FÁBULA >> JANDER MINESSO

 

Há muito tempo, em um reino muito distante, havia um gigante adormecido. Segundo a lenda, um dia ele acordaria de seu sono de mais de cinco séculos para acabar com o festival de abusos que os governantes do reino perpetravam.

No mundo dos contos de fada, as piores coisas acontecem por causa de jovens cheios de boa vontade. Esta fábula não é exceção. O caixa do reino estava baixo e os governantes decidiram aumentar o preço das viagens de carroça em vinte moedas de cobre. Tal decisão bastou para que toda a juventude saísse às ruas dos vilarejos em protesto. Bloquearam estradas, marcharam até os portões dos castelos, gravaram entrevistas para o Jornal Nacional e deram o nome. Tanto fizeram que acabaram atraindo ainda mais gente descontente. E com aquela barulheira generalizada, é óbvio que despertaram nossa criatura de seu torpor secular.

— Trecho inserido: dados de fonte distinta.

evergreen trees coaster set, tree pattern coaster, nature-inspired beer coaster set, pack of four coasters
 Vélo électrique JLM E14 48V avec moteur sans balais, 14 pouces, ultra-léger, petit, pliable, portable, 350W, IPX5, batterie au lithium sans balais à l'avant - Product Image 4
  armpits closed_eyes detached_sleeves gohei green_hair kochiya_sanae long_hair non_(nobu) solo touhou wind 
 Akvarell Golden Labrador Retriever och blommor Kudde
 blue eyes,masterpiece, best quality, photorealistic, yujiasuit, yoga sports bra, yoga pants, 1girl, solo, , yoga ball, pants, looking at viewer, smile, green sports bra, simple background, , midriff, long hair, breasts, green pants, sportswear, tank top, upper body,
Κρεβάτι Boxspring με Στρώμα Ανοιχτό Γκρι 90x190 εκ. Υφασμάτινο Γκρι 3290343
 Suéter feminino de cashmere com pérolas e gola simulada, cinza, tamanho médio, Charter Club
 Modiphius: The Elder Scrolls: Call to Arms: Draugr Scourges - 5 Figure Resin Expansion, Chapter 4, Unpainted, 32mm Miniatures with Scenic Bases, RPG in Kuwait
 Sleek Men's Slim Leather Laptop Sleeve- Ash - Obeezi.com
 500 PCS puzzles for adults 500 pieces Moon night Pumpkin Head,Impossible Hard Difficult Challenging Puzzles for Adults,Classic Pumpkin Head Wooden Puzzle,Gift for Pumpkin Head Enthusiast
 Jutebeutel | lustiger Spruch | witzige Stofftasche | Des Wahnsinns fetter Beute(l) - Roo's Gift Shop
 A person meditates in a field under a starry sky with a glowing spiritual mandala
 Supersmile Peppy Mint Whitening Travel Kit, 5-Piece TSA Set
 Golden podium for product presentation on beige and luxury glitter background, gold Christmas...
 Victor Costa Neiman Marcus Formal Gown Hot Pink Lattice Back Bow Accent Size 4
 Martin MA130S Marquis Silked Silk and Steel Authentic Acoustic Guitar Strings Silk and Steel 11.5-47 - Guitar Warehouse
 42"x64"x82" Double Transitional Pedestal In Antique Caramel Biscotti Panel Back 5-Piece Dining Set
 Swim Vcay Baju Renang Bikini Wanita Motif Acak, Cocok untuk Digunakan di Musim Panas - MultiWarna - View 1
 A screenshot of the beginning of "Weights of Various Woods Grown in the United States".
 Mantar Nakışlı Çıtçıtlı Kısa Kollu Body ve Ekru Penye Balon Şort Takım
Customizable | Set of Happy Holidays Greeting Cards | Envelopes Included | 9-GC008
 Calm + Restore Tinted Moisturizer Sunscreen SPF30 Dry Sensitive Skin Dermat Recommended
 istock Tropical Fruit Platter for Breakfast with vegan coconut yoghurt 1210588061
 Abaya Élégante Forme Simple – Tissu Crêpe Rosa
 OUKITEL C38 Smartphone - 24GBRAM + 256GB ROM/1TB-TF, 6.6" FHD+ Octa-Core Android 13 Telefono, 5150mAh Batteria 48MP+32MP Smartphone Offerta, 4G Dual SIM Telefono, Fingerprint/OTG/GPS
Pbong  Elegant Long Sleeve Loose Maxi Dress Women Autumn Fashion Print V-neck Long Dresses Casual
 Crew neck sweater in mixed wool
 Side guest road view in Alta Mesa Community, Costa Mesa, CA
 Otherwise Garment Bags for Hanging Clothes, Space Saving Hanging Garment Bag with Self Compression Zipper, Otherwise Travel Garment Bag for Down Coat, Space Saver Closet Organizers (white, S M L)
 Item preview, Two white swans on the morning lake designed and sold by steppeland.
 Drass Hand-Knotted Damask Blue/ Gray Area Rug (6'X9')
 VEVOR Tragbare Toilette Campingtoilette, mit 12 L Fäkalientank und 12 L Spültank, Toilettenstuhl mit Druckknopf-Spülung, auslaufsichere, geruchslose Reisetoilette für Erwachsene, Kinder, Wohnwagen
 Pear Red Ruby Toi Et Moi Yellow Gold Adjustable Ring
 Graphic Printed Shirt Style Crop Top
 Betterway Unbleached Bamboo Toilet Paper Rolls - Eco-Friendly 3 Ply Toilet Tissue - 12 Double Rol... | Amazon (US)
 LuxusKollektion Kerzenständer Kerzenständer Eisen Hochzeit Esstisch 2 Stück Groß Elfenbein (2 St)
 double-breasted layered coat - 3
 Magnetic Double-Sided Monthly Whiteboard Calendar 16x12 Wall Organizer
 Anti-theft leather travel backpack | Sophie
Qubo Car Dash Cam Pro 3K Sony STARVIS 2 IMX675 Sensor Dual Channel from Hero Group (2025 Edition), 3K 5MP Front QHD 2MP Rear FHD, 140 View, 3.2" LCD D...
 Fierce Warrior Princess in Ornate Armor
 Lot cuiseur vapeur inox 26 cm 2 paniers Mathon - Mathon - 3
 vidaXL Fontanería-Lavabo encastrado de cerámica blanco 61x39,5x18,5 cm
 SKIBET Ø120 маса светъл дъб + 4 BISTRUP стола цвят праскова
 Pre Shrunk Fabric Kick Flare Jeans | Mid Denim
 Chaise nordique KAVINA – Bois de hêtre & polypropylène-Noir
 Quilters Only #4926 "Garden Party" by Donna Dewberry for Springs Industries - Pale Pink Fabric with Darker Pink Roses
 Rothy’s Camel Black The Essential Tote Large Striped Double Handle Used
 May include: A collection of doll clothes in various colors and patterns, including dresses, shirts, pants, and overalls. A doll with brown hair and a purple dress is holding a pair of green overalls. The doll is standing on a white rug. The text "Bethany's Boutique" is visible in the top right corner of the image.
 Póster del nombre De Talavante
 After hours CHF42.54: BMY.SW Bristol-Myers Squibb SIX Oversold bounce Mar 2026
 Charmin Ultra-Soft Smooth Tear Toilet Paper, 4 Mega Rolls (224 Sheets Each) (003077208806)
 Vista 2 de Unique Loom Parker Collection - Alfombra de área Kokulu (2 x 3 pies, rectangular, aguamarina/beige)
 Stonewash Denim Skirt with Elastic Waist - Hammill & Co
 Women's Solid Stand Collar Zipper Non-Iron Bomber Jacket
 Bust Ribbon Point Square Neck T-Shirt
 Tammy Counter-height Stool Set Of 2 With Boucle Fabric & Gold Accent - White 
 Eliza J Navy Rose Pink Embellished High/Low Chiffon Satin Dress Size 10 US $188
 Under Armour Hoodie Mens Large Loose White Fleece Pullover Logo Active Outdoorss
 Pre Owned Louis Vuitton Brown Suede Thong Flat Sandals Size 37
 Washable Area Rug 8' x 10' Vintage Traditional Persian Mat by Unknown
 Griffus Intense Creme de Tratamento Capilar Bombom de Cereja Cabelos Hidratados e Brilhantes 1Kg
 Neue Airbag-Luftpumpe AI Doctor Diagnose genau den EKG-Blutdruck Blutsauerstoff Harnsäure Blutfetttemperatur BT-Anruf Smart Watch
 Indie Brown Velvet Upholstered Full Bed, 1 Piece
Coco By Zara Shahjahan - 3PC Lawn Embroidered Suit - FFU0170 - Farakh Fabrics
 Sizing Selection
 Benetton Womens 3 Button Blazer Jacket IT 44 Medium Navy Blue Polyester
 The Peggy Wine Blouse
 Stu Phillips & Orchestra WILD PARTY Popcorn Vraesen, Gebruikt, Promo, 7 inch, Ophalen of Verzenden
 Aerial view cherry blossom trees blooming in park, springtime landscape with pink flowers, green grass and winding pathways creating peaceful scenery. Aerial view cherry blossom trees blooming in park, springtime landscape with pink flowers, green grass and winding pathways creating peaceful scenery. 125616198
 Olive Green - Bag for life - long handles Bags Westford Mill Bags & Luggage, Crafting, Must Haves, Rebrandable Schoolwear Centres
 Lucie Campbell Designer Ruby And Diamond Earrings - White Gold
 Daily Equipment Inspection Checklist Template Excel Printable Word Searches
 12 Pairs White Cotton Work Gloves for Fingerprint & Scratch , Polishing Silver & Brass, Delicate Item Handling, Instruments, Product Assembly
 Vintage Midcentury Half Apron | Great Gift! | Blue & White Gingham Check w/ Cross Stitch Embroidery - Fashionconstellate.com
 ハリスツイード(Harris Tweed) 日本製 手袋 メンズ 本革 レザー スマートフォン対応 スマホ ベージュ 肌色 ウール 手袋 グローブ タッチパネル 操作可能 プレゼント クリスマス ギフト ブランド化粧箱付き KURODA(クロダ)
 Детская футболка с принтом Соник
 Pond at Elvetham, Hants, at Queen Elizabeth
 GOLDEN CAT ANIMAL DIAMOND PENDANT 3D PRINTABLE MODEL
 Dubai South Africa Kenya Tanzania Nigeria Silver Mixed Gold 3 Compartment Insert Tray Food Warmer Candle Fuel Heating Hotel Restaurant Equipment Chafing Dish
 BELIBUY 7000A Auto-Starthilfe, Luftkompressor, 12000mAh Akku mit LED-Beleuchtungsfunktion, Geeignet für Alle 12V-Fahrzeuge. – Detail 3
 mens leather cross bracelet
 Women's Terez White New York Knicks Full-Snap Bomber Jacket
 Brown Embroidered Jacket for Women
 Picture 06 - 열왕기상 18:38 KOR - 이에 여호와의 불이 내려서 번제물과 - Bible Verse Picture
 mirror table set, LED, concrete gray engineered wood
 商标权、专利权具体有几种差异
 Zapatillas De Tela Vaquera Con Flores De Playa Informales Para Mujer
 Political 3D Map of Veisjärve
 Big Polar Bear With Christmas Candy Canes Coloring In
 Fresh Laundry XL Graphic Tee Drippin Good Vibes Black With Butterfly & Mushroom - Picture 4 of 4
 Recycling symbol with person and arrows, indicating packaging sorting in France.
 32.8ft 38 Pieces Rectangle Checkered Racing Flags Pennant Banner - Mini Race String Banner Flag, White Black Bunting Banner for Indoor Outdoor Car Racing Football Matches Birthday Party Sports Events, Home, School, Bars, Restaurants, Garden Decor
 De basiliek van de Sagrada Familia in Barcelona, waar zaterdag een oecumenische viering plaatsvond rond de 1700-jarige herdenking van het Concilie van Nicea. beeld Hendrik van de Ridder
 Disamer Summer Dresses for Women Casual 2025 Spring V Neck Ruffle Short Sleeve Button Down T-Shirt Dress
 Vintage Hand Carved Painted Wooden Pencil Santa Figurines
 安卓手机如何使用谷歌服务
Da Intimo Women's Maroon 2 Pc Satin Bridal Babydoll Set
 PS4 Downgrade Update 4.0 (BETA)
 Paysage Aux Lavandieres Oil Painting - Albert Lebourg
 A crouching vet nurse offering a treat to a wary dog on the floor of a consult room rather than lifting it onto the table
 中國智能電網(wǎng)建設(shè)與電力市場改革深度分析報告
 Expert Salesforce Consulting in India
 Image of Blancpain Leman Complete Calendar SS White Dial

No começo, acharam o máximo. “O gigante acordou!” gritavam, crentes de que o despertar do bicho era sinal indelével da aurora de um novo tempo. De certo modo, estavam certos.

Esqueci de mencionar que o bicho tinha duas cabeças. No começo, ninguém deu muita bola para o fato. Até porque, a essa altura, gente bem-intencionada de todas as idades já tinha se unido aos jovens e ninguém mais lembrava do aumento no preço das viagens de carroça. O negócio era comemorar que o gigante tinha acordado e tocar o terror nos governantes. Só que ninguém chega ao poder e permanece lá sem aprender um truque ou dois pelo caminho. Assim, quando a baderna estava grande demais, alguém da alta cúpula do reino chamou a turba furiosa e perguntou:

– Qual das cabeças do gigante vocês preferem: a da direita ou a da esquerda?

O resto é história.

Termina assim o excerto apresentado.